A indústria da construção civil se ressentiu-se recentemente de “apagão” de mão de obra qualificada. Tratava-se de um falso problema – o que realmente fazia e faz falta no Brasil é a oferta de “mentes de obra”
As manchetes de jornal noticiaram à sociedade brasileira a existência de um verdadeiro “apagão” de mão de obra em todos os setores da atividade econômica – e, em especial, na construção civil. Em inúmeras matérias, falava-se da baixa qualificação dos trabalhadores. Erroneamente surgem artigos na mídia que apontam a abaixa qualidade da mão de obra como a responsável pela má qualidade das edificações e, principalmente, pelo elevado desperdício de recursos e materiais que fazem a fama do setor. Escreve-se também sobre a insuficiência de engenheiros para tocar as obras de infraestrutura necessárias à sustentação do crescimento e, ainda, para suprir as demandas habitacionais não satisfeitas no Brasil.
Em um passado não muito remoto, as atividades econômicas eram dependentes da grande oferta de mão de obra. O estágio de desenvolvimento tecnológico do país assim o exigia. O termo “mão de obra” ainda é usado de forma genérica para designar todo e qualquer recurso humano necessário à realização de uma tarefa.
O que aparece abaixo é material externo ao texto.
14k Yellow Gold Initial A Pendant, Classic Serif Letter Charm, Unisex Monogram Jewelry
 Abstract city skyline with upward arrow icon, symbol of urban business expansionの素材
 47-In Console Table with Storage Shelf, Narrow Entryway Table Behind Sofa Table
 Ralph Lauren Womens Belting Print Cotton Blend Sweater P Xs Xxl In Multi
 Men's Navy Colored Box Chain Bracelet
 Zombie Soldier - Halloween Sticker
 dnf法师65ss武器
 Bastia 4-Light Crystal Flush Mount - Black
Mas aqui cabe uma questão: será a “mão de obra” o recurso mais escasso? Vejamos: o mundo inteiro concorda – o Brasil inclusive – que estamos na era do conhecimento. Qualquer ganho de produtividade nas atividades econômicas decorre da aplicação de inúmeros fatores ligados ao conhecimento: Criar, inovar, gerir, liderar, conhecer, treinar, motivar… Os verbos mais usados em dez entre dez manuais de gestão têm relação com o conhecimento, e não com as mãos. Logo, quando falávamos da escassez de mão de obra, talvez o termo correlacionado devesse ser falta de “mente de obra”, em substituição a “mão de obra”.
É exatamente o que ocorre na construção civil, por exemplo. Vários estudos revelam que os ganhos de produtividade passam por melhorias de projeto e seus detalhamentos, evolução do gerenciamento, mudanças que proporcionem uma maior participação de componentes industrializados e incremento da logística de suprimentos, entre outros avanços. Todos esses fatores têm alto impacto na velocidade, no custo e na produtividade da construção civil – e todos dependem mais de um melhor desempenho de gerentes e engenheiros do que da qualificação da “mão de obra”, no sentido clássico do termo.
Alguns dados sobre o estágio de desenvolvimento tecnológico e gerencial da construção civil no Brasil são curiosos. Eles mostram que há um grande gap tecnológico e gerencial que deve ser vencido para que a cadeia produtiva do setor tenha ganhos de eficiência.
Para entender melhor que “gap” é esse, é preciso distinguir os conceitos de “conversão” e “fluxo”. Conversão são todas as tarefas que convertem energia ou recursos em valor agregado. Já tarefas de fluxo são aquelas relacionadas ao transporte interno de materiais, armazenagem e tempos de espera – seja por falta de materiais, indefinições de projeto, gargalos logísticos internos e outros problemas dentro do canteiro de obras que convertem energia em custo, e não em valor agregado.
Estudo recente conduzido pela Ernst & Young junto à executivos ligados ao setor da construção civil indicou que as alavancas para melhorar a produtividade do setor são, principalmente a melhoria do planejamento, dos projetos, dos métodos de gestão e a qualificação da mão de obra.
Ocorre que se os três primeiros foram implementados, o quarto torna-se menos necessário uma vez que os primeiros tendem a reduzir a necessidade de mão de obra, através do aumento de sua produtividade em decorrência de fatores alheios à qualidade da mão de obra em si mas decorrentes da melhor alocação e aproveitamento da mão da própria mão de obra.
Os fatores mais impactantes, portanto, para o aumento da produtividade na construção civil não dependem de treinamento de mão de obra, mas de “neurônios de obra”, que tornarão a mão de obra menos necessária.
É esse o futuro inexorável que nos aguarda.